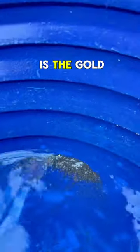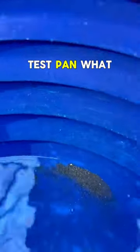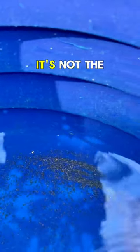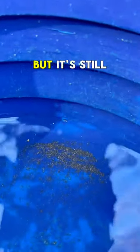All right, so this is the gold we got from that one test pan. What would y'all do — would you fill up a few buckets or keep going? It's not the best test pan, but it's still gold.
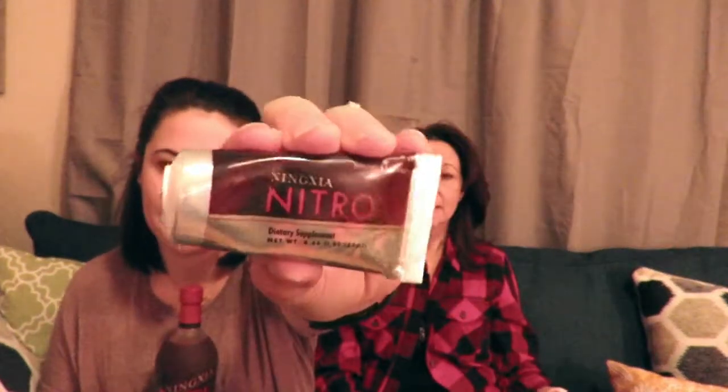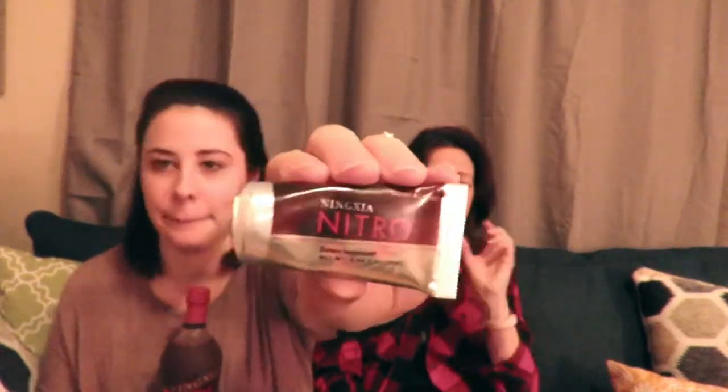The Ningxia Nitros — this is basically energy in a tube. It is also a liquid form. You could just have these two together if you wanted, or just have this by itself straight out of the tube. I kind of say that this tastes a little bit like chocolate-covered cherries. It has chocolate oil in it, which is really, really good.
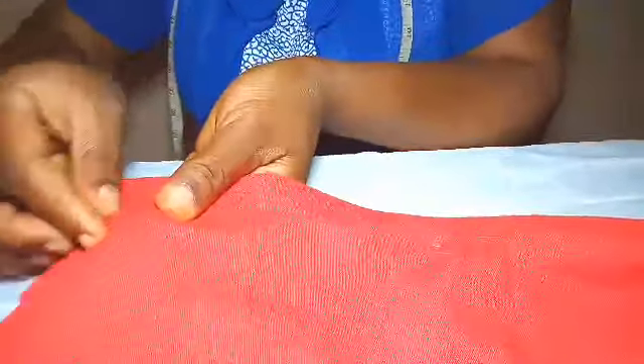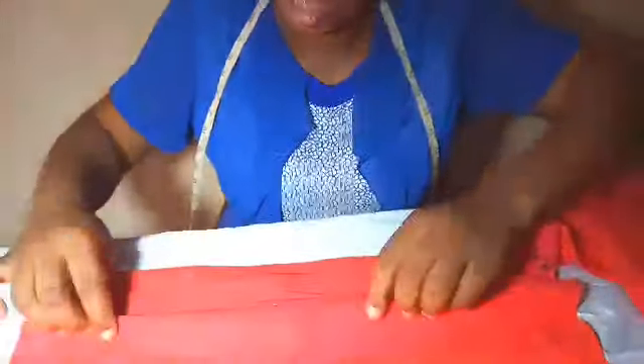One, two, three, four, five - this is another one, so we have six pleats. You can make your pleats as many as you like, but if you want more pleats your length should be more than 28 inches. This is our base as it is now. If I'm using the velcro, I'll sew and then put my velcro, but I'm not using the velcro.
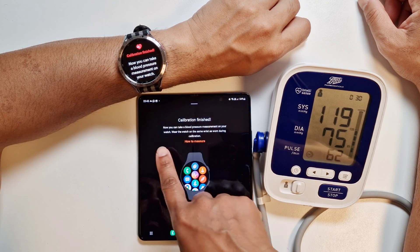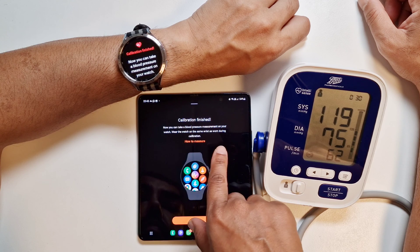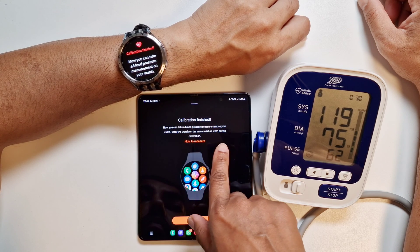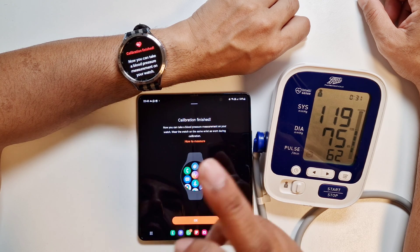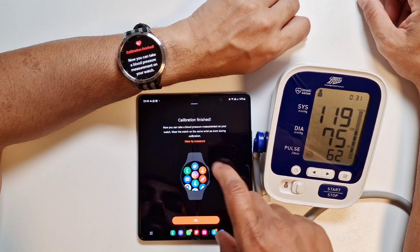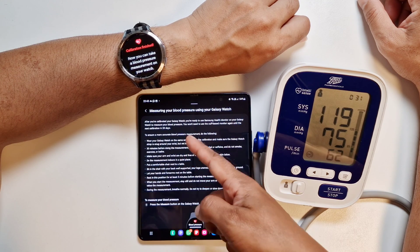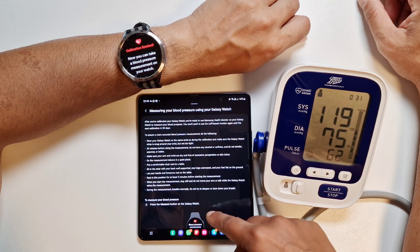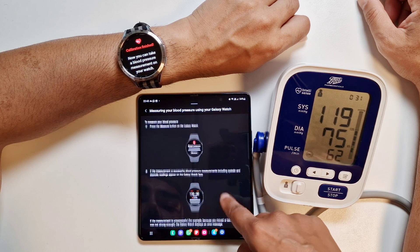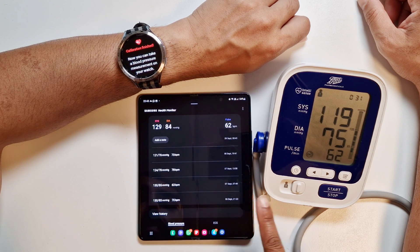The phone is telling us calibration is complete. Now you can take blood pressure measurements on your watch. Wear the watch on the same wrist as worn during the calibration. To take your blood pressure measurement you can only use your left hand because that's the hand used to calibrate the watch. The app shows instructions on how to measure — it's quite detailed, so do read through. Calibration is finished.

---

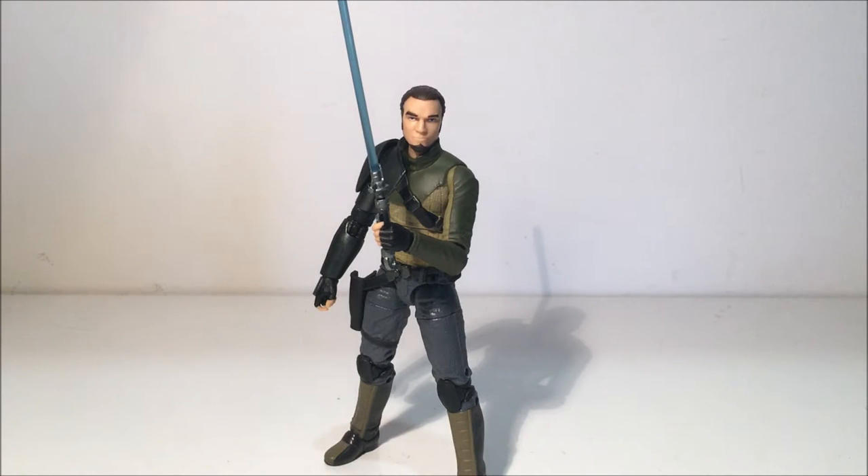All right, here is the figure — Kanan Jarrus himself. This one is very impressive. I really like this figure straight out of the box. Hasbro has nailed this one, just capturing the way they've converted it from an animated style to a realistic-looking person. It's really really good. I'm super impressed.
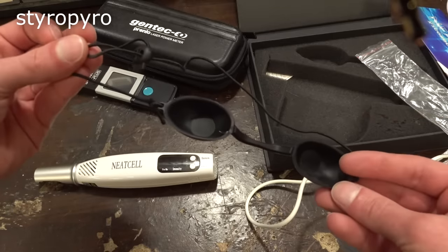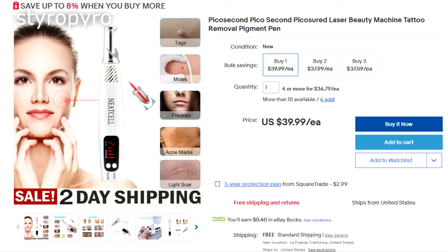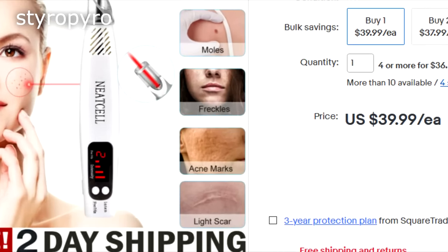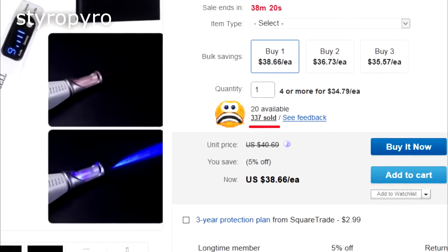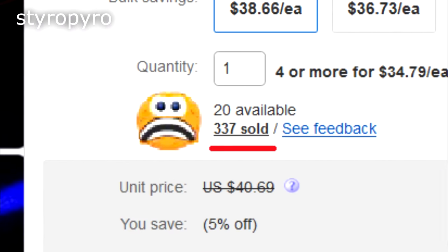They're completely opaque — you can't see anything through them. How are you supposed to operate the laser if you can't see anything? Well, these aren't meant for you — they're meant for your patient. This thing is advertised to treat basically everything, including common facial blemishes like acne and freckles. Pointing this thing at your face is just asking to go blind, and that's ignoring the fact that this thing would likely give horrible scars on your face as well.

Activity
Leaving out all pictures, set down exactly the lines of the material above, from the line with "All right, so" to the line with "The Ningxia Nitros" inclusive, and no others.

Finished exercise
All right, so this is the gold we got from that one test pan. What would y'all do — would you fill up a few buckets or keep going? It's not the best test pan, but it's still gold.
The Ningxia Nitros — this is basically energy in a tube. It is also a liquid form. You could just have these two together if you wanted, or just have this by itself straight out of the tube. I kind of say that this tastes a little bit like chocolate-covered cherries. It has chocolate oil in it, which is really, really good.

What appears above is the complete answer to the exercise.